J. Micropalaeontol., 32, 207-217, 2013
https://doi.org/10.1144/jmpaleo2013-003
© Author(s) 2013. This work is distributed under
the Creative Commons Attribution 4.0 License.

  01 Jul 2013

01 Jul 2013

On the Lower Cambrian biotic and geochemical record of the Hetang Formation (Yangtze Platform, south China): evidence for biogenic silica and possible presence of Radiolaria

Lei Zhang1,2, Taniel Danelian2, Qinglai Feng1, Thomas Servais2, Nicolas Tribovillard2, and Martial Caridroit2 Lei Zhang et al.
  • 1China University of Geosciences (Wuhan), Department of Earth Sciences, Wuhan, PR China
  • 2Department of Earth Sciences, University of Lille 1, Géosystèmes (UMR 8217 CNRS/Lille1), Bât SN5, 59655 Villeneuve d’Ascq cedex, France

Keywords: Lower Cambrian, Radiolaria, biogenic silica, Yangtze Platform, Hetang Formation

Abstract. Research on Lower Cambrian siliceous sedimentary rocks is important for understanding the origin and early involvement of polycystine Radiolaria in the silica cycle. During our study, thin sections and HF acid processing of black cherts and shales from the Hetang Formation that crops out in the Xintangwu section (west Zhejiang Province, south China) were made. We report on the presence of siliceous spherical microfossils (possibly Radiolaria) associated with sponge spicules and acritarchs.
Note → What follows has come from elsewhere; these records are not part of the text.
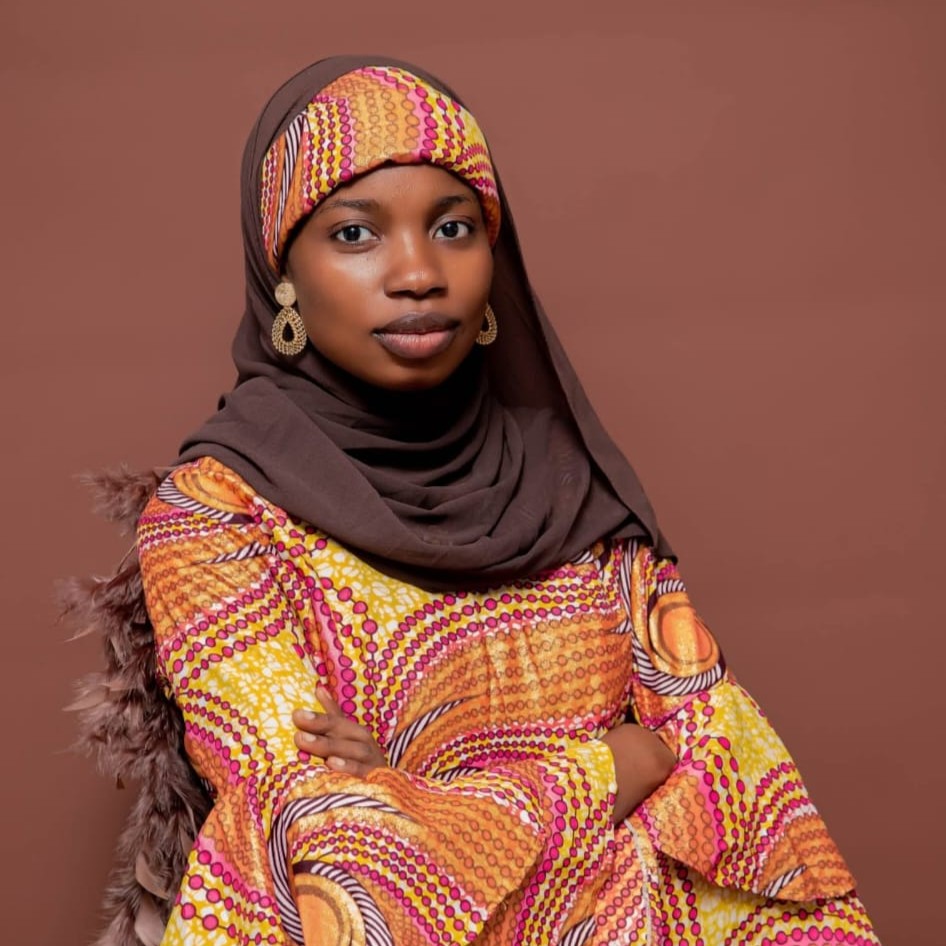 Nuhu Alimatu Sadia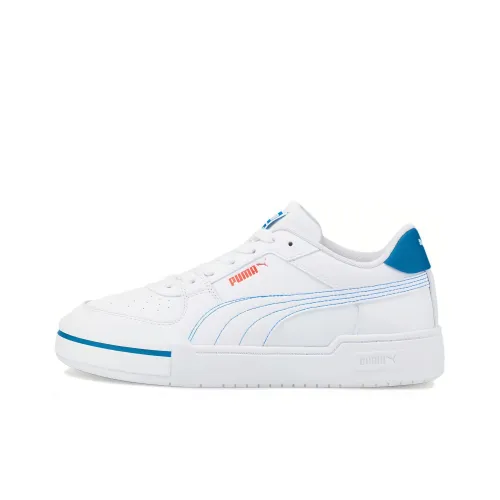 PUMA Ca Pro Skateboard Shoes Men Low-Top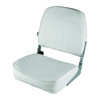 Wise Seating Economy Seat Blue, 144-8WD734PLS711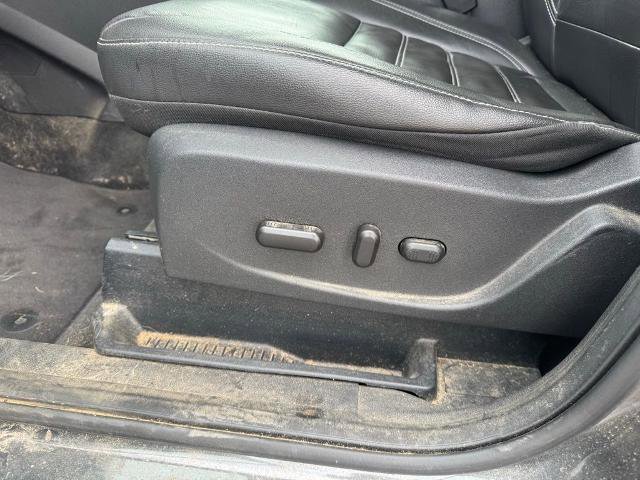 Certified 2017 Ford Escape Titanium image 15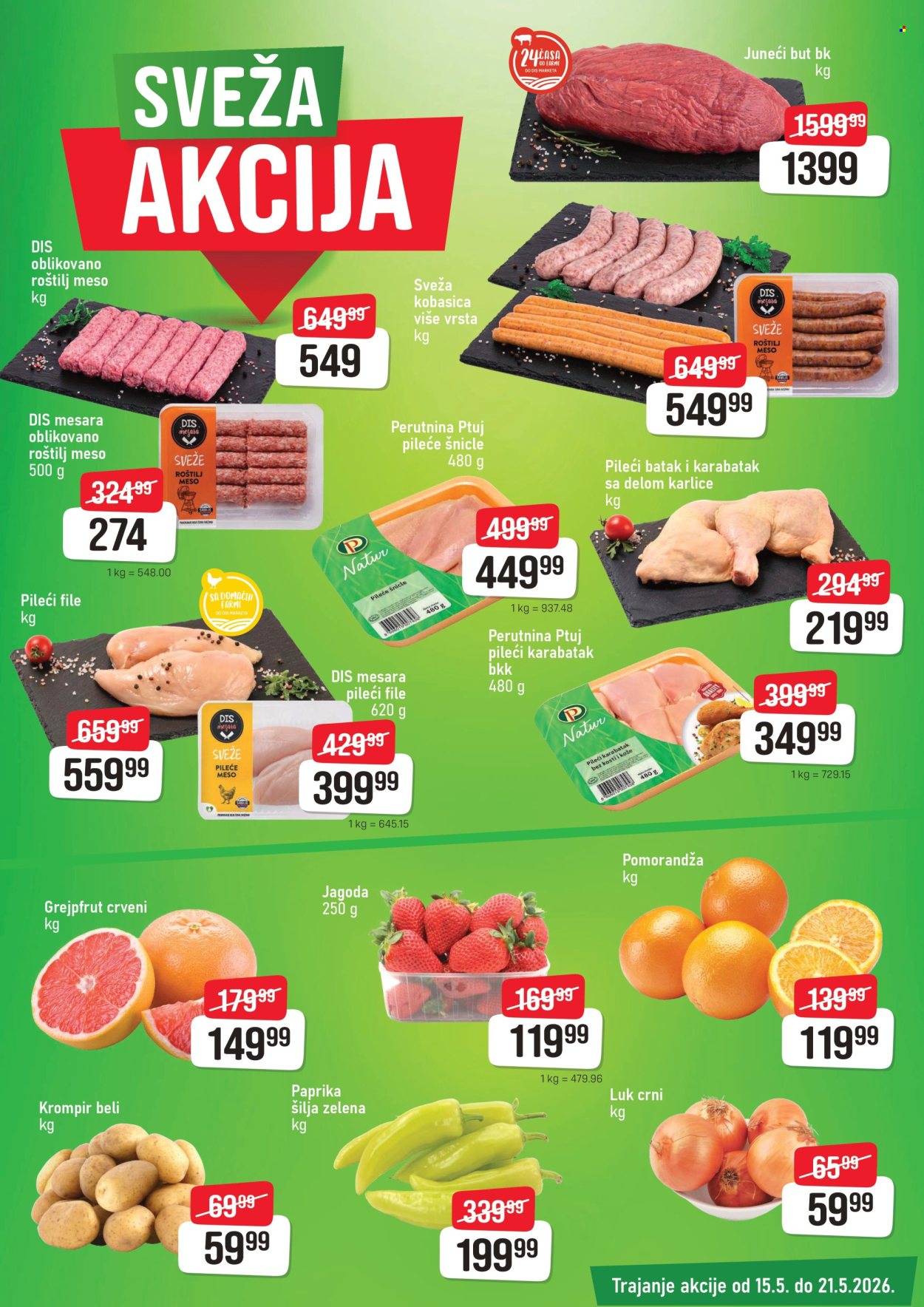 DIS katalog - 15.05.2026 - 21.05.2026. Stranica 3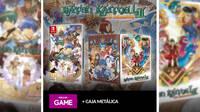 Baten Kaitos I & II HD Remaster, la colección remasterizada, se lanza el 14  de septiembre - Vandal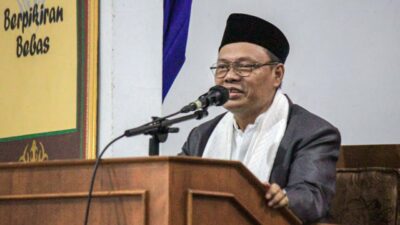 10 Pandai Pesan Kyai Mejelang Liburan Idul Fitri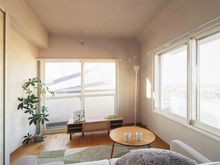 【神奈川県/川崎市宮前区犬蔵】たまプラーザハイム リビング・ダイニング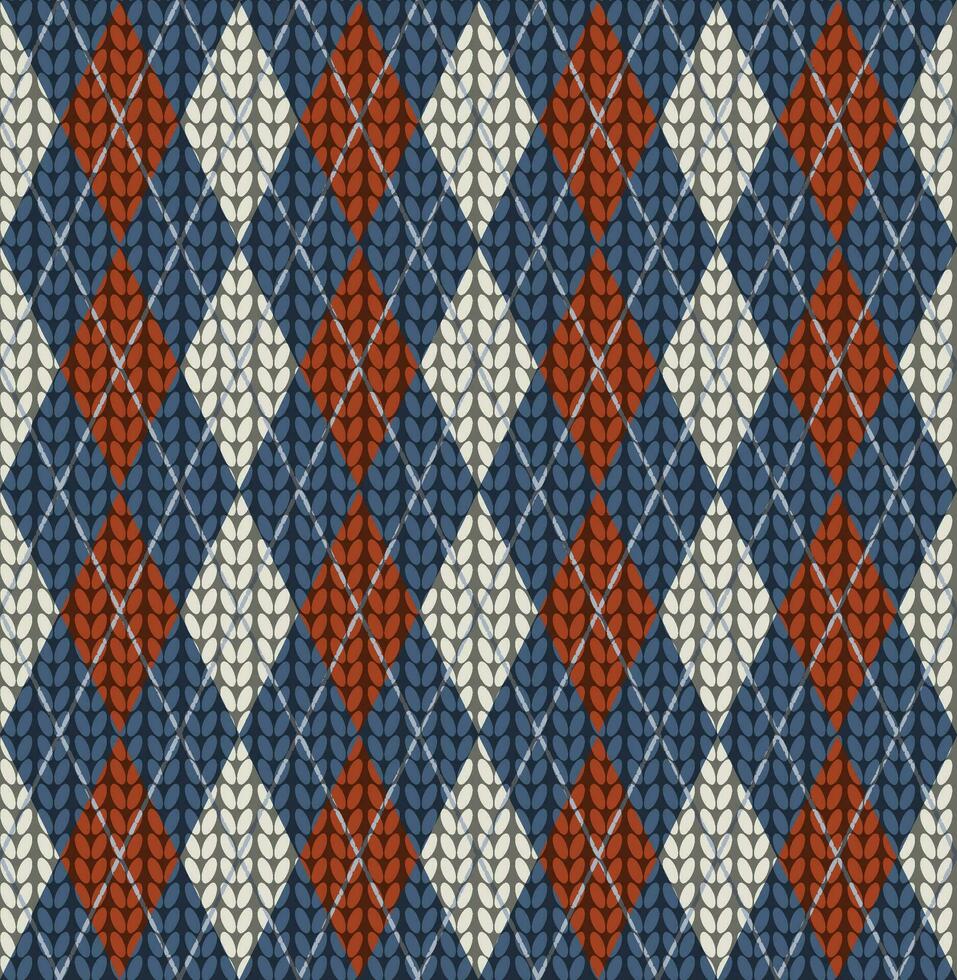 argyle-style-knitted-sweater-pattern-28627835-vector-art-at-vecteezy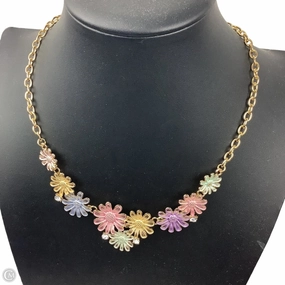 Necklace Charm By Clothes Mentor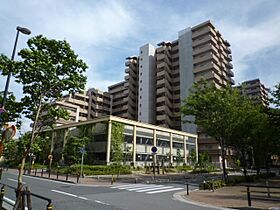 兵庫県尼崎市西大物町（賃貸マンション3LDK・6階・83.16㎡） その1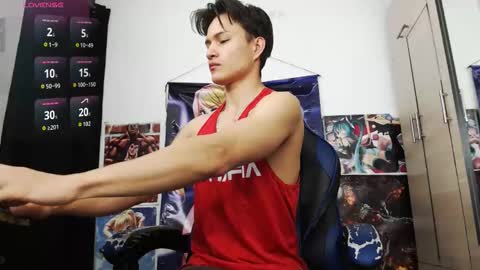 Snapshot of kanekixxxhot chatting on 05-06-26, 12:32 andres online show from 05-06-26, 12:32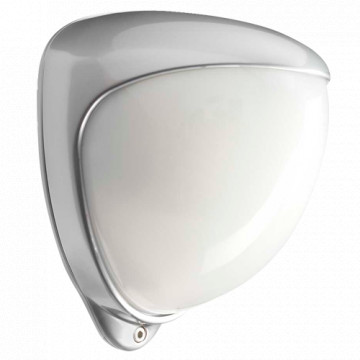 GJD External PIR Detector - PIR and Microwave / Immune for Domestic Animals - AntiMasking / Range up to 15 m - High Quality Material - Food 9 ~ 15 VDC - Usage
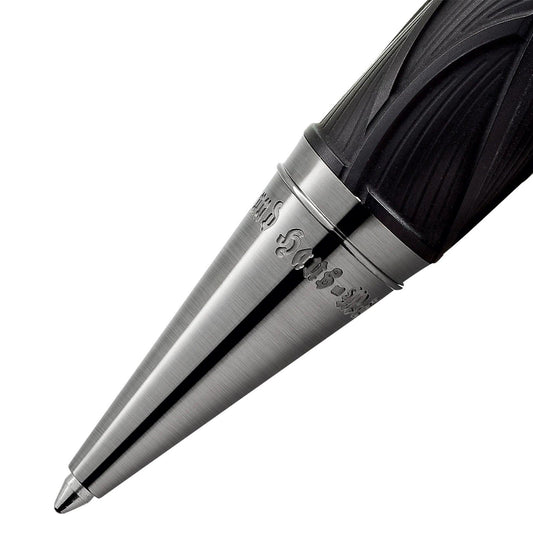 Montblanc Writers Edition Hyllning till bröderna Grimm Kulspetspenna Begränsad upplaga 10 300 stycken 128364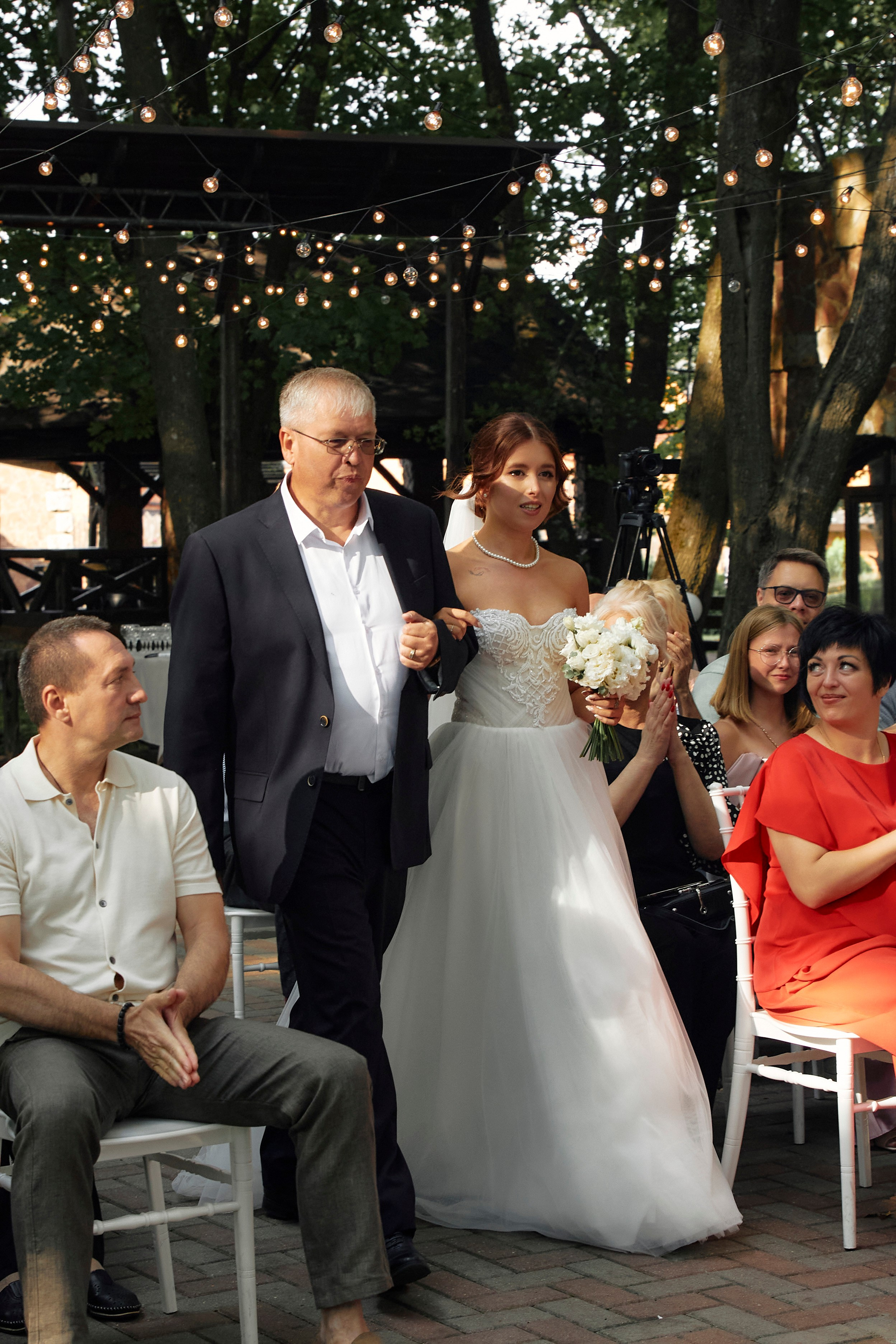 Константин & Дарья. Свадебный и портретный фотограф в Саранске Алексей Миганов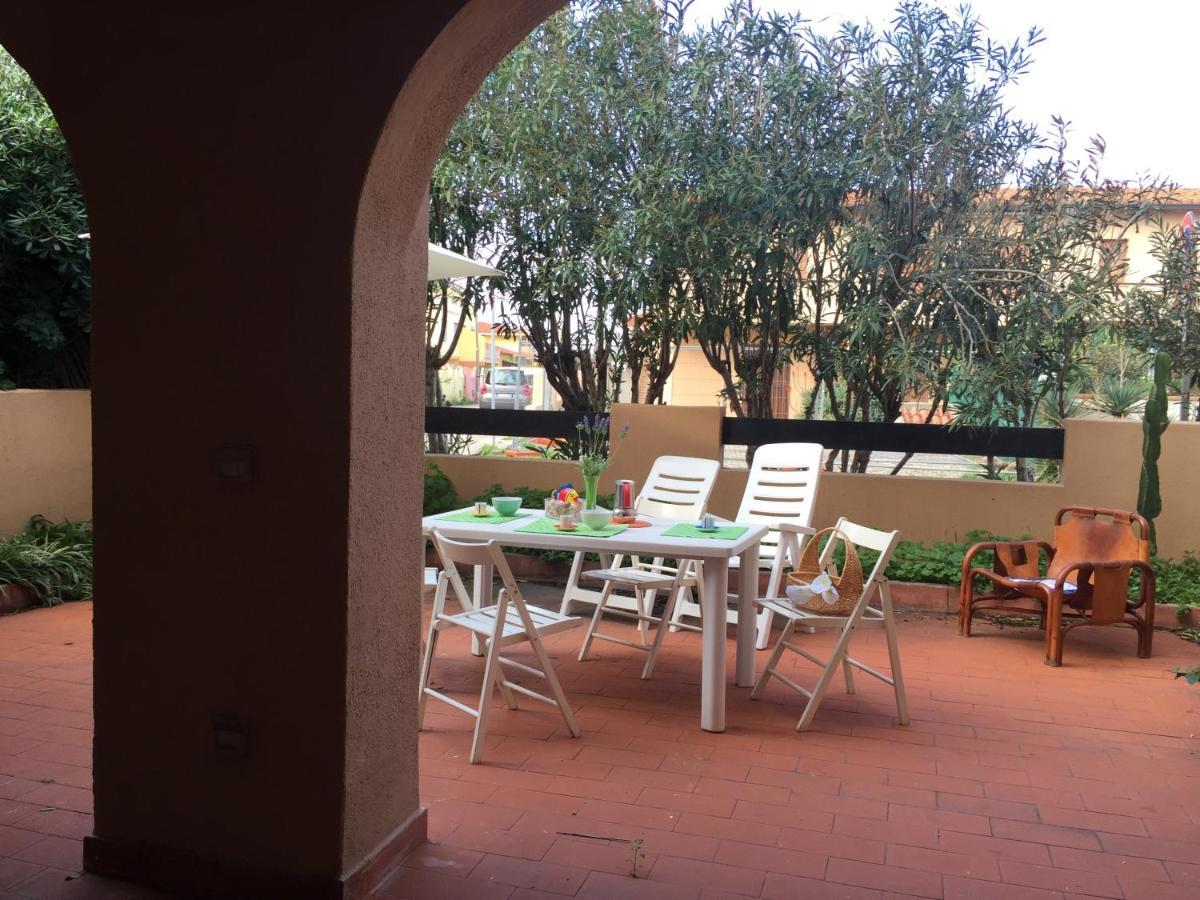 Sardinia Re - Casa Stella Del Mar Apartment Castelsardo Ngoại thất bức ảnh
Their size and the presence of residual spines on some spherical siliceous microfossils observed in both residues and thin sections of cherts from the top of Member ‘a’ of the Hetang Formation argue for the possible presence of radiolarians. Based on the Small Shelly Fossil assemblages reported in previous studies, this interval should be considered as Qiongzhusian (Atdabanian–Early Botomian) in age. Finally, the values of the Ge/Si ratio measured on black cherts of the Hetang Formation point to a biogenic origin of the silica.